Plath's Self-Portrait

Source

Strawberries

Source

Bitter Strawberries

All morning in the strawberry field
They talked about the Russians.
Squatted down between the rows
We listened.
We heard the head woman say,
'Bomb them off the map.'

Horseflies buzzed, paused and stung.
And the taste of strawberries
Turned thick and sour.

Mary said slowly, 'I've got a fella
Old enough to go.
If anything should happen…'

The sky was high and blue.
Two children laughed at tag
In the tall grass,
Leaping awkward and long-legged
Across the rutted road.
The fields were full of bronzed young men
Hoeing lettuce, weeding celery.

'The draft is passed,' the woman said.
'We ought to have bombed them long ago.'
'Don't,' pleaded the little girl
With blond braids.

Her blue eyes swam with vague terror.
She added petishly, 'I can't see why
You're always talking this way...'
'Oh, stop worrying, Nelda,'
Snapped the woman sharply.
She stood up, a thin commanding figure
In faded dungarees.
Businesslike she asked us, 'How many quarts?'
She recorded the total in her notebook,
And we all turned back to picking.

Kneeling over the rows,
We reached among the leaves
With quick practiced hands,
Cupping the berry protectively before
Snapping off the stem
Between thumb and forefinger.

Reading of Plath's "Bitter Strawberries"

Commentary

The piece by a very young Sylvia Plath displays some intriguing imagery, although the images remain unconnected and are often jolting.

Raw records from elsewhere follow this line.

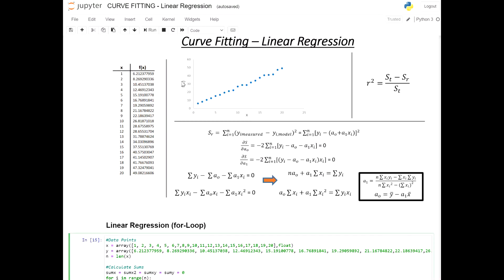Hello everyone, welcome to this lesson. This is where we're going to go through the Python code for the linear regression model described in the past lesson. I'm going to briefly recap what we learned, then go through two different types of Python code. The first will use normal for loops to create the sums. The next one will introduce the NumPy package, which has inbuilt functions that can significantly simplify the code.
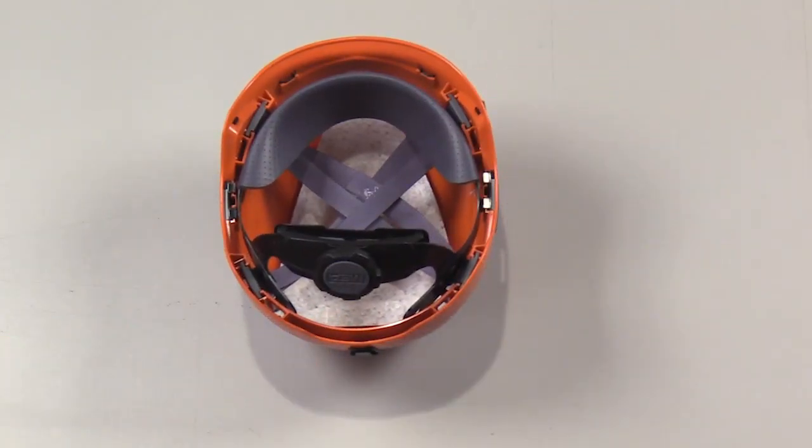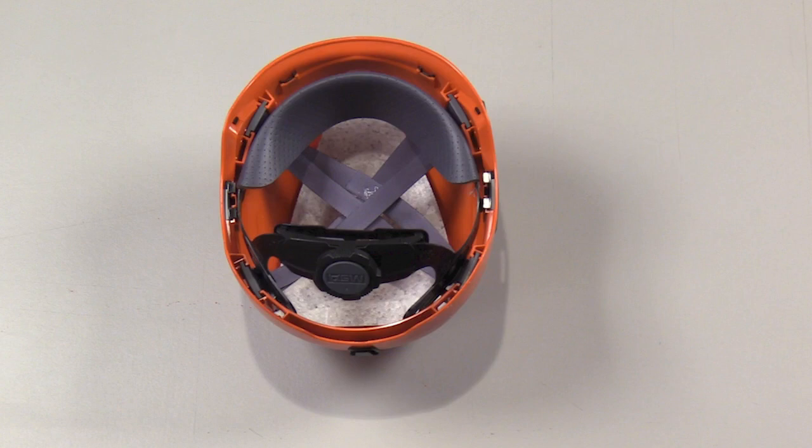Once you have the four support tabs in place, you must reinstall the chin strap. Please refer to the installation videos located on the online manual to know how to reinstall the chin strap.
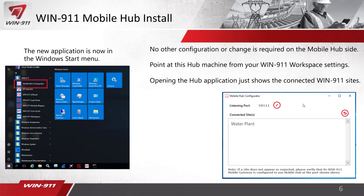You can see on the left that the new application is now installed. You don't really have to do anything with it — there are no additional configuration changes required. On the bottom right, all it does is open up and show the connected sites. So if you have three different Win911 sites installed in your network pointing at the hub, it will just list them there. The only thing you might change is the default port, which is 59111, visible in the mobile hub configuration screen.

Sylvia Plath's "Bitter Strawberries" consists of seven versagraphs; it is the poet's first significant poetry publication and appeared in the Christian Science Monitor (August 11, 1950) after her graduation from high school.

First Versagraph: "All morning in the strawberry field"

The speaker sets the scene by distinguishing herself and one or more companions from the women who are talking "about the Russians." The scene has gone on all morning in the strawberry field.

As the women talk, the speaker and her companions "squatted down between the rows" listening. At one point the listeners hear "the head woman say, Bomb them off the map."

Second Versagraph: "Horseflies buzzed, paused and stung"

The speaker observes that "horseflies buzzed, paused and stung, while the taste of strawberries / Turned thick and sour." The disconnect between the horseflies and the taste of the berries is jarring and obstructs any real meaning of and purpose for this three-line versagraph.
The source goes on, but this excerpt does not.